Teacher say: Given a directed a-cyclic graph $G = (V , E)$, with negative edges weights, now We can claim that, Dijkstra's relaxation function do $\Omega(2^n)$ relaxation edges, but every times i think, i get stuck to prove it. In addition, I found reference of This problem come from "Jeff Erickson, Algorithms text book".
Anyone can give me a hint to construct an example to prove it?

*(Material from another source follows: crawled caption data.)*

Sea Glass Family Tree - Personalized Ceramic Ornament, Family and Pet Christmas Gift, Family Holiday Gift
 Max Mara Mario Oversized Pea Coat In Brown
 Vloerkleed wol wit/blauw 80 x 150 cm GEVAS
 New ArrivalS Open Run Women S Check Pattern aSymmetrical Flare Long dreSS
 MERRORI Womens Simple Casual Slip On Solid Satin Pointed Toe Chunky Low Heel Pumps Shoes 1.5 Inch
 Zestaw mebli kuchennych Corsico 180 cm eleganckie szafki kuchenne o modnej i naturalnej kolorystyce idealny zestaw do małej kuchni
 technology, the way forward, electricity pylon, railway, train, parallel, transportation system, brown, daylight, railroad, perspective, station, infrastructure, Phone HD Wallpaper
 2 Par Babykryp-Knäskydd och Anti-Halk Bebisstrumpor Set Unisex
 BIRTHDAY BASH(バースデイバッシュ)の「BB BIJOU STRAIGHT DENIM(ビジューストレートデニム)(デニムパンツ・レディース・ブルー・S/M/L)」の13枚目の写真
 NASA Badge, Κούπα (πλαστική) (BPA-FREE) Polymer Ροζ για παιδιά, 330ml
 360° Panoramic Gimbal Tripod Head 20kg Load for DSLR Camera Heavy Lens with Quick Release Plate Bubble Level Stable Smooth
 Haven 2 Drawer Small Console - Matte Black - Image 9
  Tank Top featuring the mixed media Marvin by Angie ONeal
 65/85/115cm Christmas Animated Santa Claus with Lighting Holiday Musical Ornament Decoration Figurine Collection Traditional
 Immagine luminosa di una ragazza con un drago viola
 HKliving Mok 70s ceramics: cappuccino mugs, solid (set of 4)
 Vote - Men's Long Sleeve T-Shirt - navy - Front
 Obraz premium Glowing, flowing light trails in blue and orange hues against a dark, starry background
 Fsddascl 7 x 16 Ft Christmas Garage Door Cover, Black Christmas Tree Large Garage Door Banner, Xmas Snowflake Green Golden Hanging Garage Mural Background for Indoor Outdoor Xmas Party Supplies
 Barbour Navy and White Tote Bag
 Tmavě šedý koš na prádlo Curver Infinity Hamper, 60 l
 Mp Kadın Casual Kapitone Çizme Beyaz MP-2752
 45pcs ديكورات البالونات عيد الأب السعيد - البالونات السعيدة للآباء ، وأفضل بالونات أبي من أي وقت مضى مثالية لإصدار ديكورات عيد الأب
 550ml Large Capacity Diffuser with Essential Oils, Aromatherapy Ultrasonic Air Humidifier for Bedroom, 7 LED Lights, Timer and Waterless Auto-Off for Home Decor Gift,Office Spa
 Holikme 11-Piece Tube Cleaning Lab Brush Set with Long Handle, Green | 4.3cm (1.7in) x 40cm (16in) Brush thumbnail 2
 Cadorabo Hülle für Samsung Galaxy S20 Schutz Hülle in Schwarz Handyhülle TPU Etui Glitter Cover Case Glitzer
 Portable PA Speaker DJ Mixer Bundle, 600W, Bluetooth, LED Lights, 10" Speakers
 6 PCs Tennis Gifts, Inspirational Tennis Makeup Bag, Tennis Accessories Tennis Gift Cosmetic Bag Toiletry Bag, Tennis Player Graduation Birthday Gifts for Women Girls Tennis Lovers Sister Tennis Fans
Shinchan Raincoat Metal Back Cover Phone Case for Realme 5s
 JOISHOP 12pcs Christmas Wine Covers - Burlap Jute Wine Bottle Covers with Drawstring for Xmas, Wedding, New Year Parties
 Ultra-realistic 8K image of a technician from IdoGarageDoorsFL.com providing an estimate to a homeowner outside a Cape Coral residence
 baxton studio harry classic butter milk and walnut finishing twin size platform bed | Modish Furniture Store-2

The standard implementation of Dijkstra does not work with negative edge weights. This is due to its greedy nature. Here is an example:
Consider the directed graph $G=(V,E)$ with $E=\{(a,b, 4), (a, c, 2), (b, c, -3)\}$ and assume that we want to find the shortest path from $a$ to $c$. Dijkstra's algorithm will extract vertex $c$ from the queue before it will extract $b$ and report $2$ as the shortest path from $a$ to $c$. But the correct answer would have been $1$ ($a \to b$, $b \to c$).
However, if we restrict $G$ to the acyclic case, we can make Dijsktra’s algorithm work for negative weights but we must allow visiting vertices more than once (meaning, we do not mark vertex $c$ as closed).
However, this leads to calculating each possible path from $a$ to $c$ and in the worst case there are $2^{n-2}$ possible paths in a directed acyclic graph on $n$ vertices (checkout this question and its answers), thus $\Omega(2^n)$.